Task item.
Give back exactly the lines of the material below, starting with the line with "Veronic Dicaire at CASINO DU LIBAN" and going on through the line with "TSV Michelfeld II".

Exercise input.
Segment Open

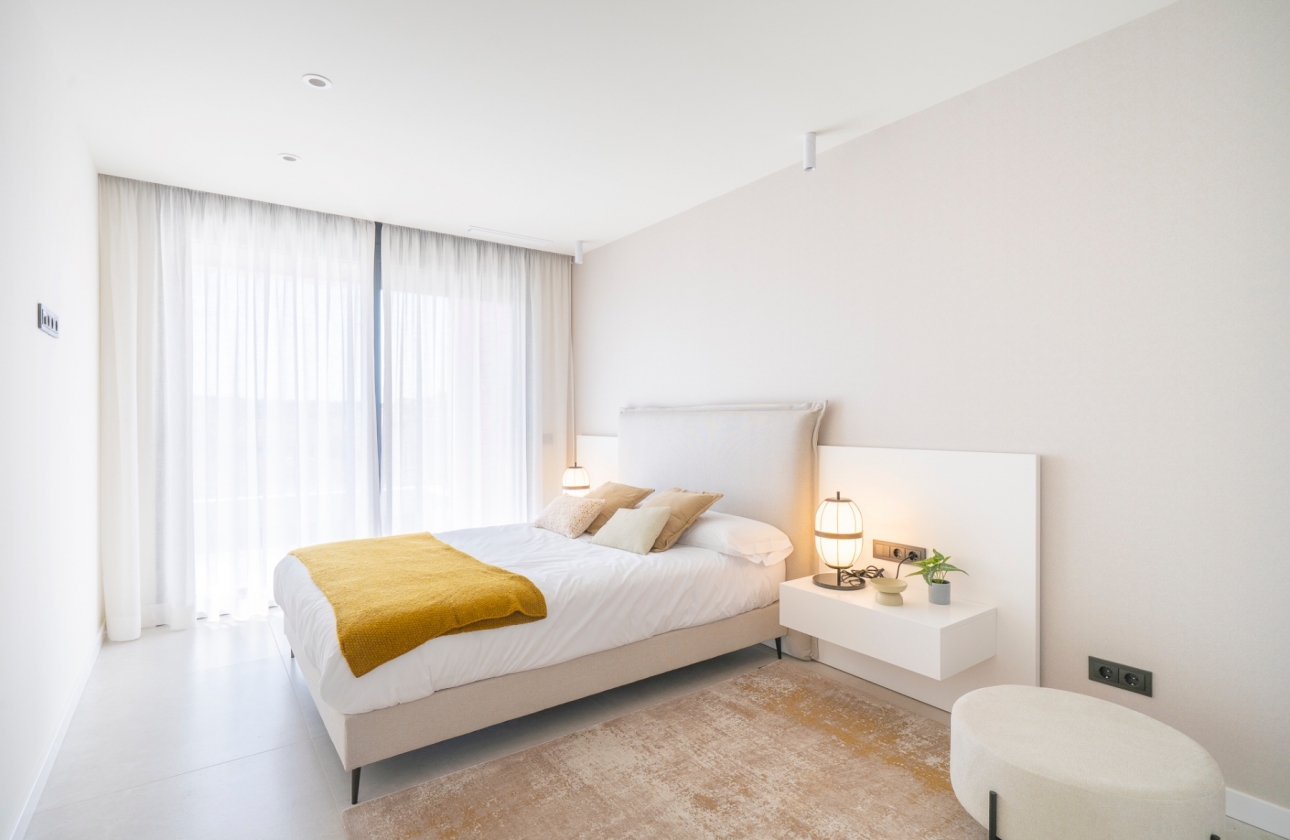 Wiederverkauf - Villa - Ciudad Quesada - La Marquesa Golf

Segment Closed
Segment Open

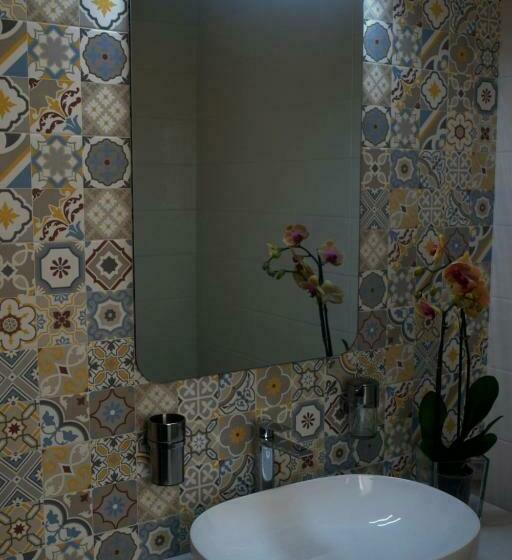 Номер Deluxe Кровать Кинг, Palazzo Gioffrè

Segment Closed
Segment Open

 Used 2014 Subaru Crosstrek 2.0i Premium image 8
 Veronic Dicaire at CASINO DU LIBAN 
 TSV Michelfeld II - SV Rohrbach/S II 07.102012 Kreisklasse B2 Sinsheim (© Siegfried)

Segment Closed

Result.
 Veronic Dicaire at CASINO DU LIBAN 
 TSV Michelfeld II - SV Rohrbach/S II 07.102012 Kreisklasse B2 Sinsheim (© Siegfried)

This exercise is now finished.